None has quite the workload as the SEC’s San Francisco regional office, where a major area of focus in recent years has been investor fraud in pre-IPO companies, particularly the many startups that in an earlier era would have either have gone public or else out of business, but which today linger as privately held outfits because there’s so much money sloshing around.
Among the companies to find themselves in the SEC’s sights in recent years is HR software outfit Zenefits and its founder, Parker Conrad; they were fined $1 million last October as part of a settlement over charges that they’d misled investors. In March, the online personal finance company Credit Karma also settled SEC charges; it had been accused of unlawfully offering securities to its employees — then failing to provide them with timely financial statements and risk disclosures.

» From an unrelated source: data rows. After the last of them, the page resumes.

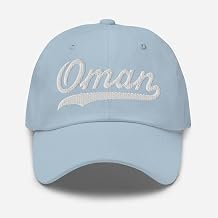 Oman Hat Oman Hat Baseball Cap Country Pride Headwear National Gift Adjustable Light Blue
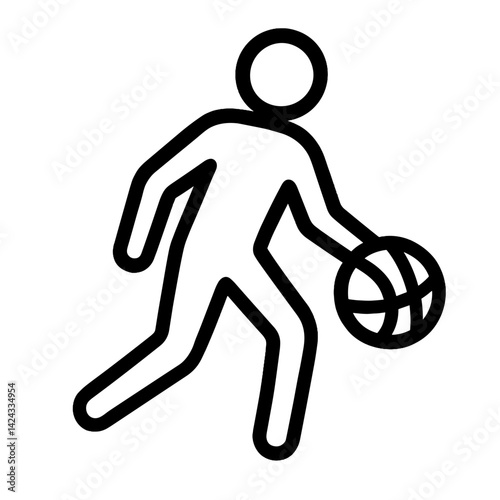 Dribbling Player with Basketball in Action  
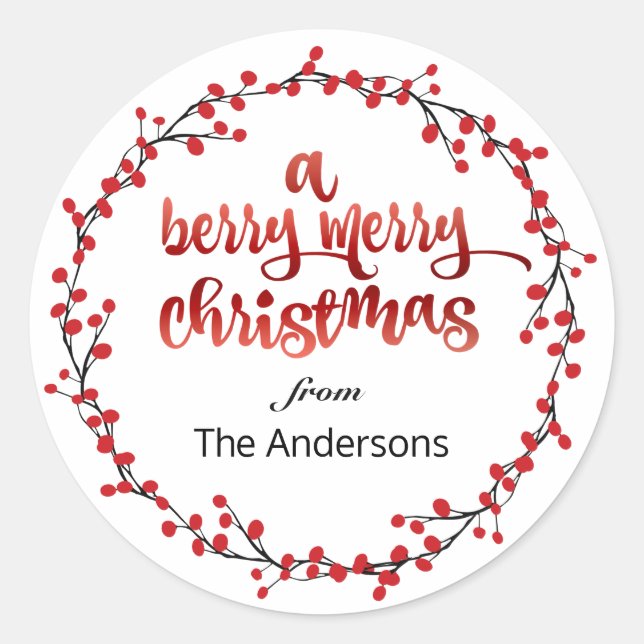 A Berry Merry Christmas Holiday Classic Round Sticker (Front)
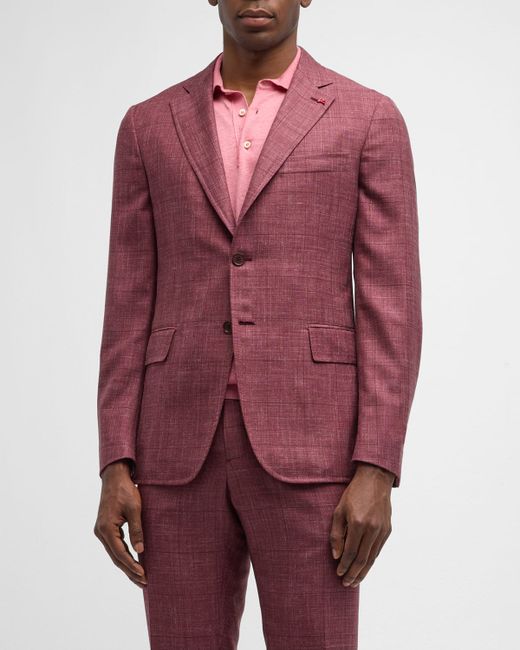 Isaia Tonal Windowpane Wool-Blend Suit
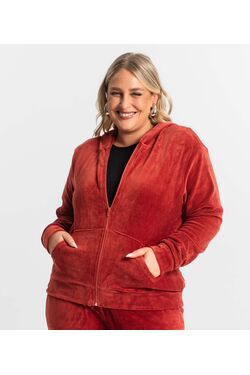 Jaqueta Plus Size Com Capuz em Plush - 51758
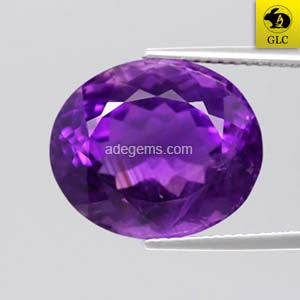 AT-055 Batu Permata Amethyst Kecubung Ungu Oval Natural 13.61 Ct. Untreated Bersertifikat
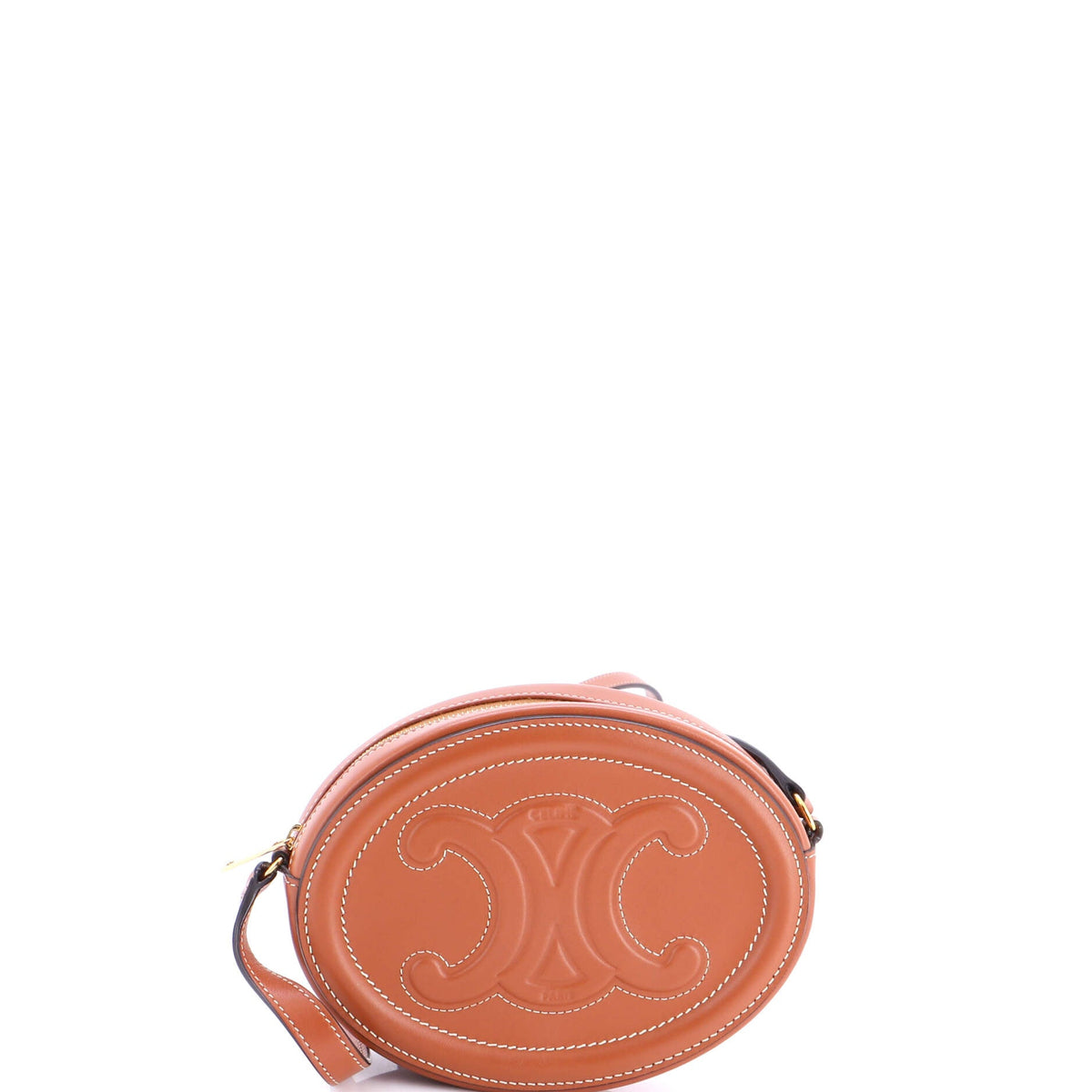 Triomphe Oval Crossbody Bag Leather Mini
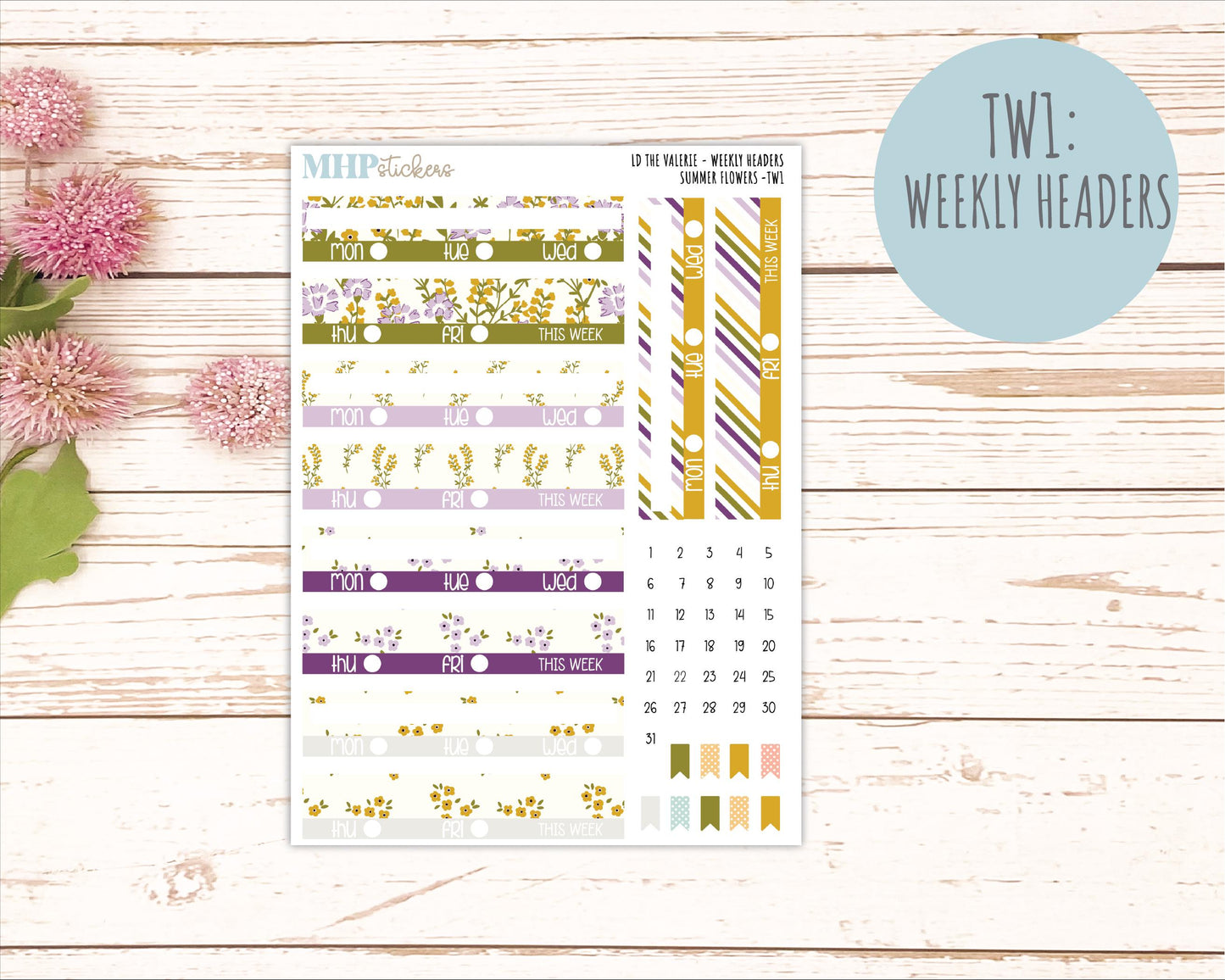 JUNE Stickers for The Valerie Laurel Denise Planner "Summer Flowers" || TC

Of course, the best-known SEC case to date has centered on the blood-testing company Theranos, which was charged with massive fraud in March, along with the company’s founder, Elizabeth Holmes, and its former president, Sunny Balwani.
Leading the charge in each of these cases and many more: Jina Choi, a graduate of Oberlin and Yale Law School who worked as a lawyer for the Justice Department in Washington before heading to San Francisco and the SEC’s enforcement division in 2000.
Five years ago, Choi was promoted to director of that office, where she has since overseen enforcement and examinations in Northern California and the Pacific Northwest, despite critics who believe the SEC should keep its eye on public companies alone. (“If no one is policing private markets, that’s a problem,” Choi said at a public forum in May.)
In an age of initial coin offerings, cryptocurrencies and mushrooming numbers of blockchain-related projects, Choi and her colleagues have their hands particularly full, so you can imagine how excited we are that Choi is coming to Disrupt to discuss some of those challenges, as well as the agency’s victories. We’re also looking forward to learning more about how decisions are made in Choi’s office and back in Washington.
If you’re interested in learning more about the SEC’s ever-evolving approach to Silicon Valley startups — and why you shouldn’t expect its interest to dissipate any time soon — you really won’t want to miss this conversation.
You can buy tickets to the show, taking place in San Francisco September 5th through September 7th, right here.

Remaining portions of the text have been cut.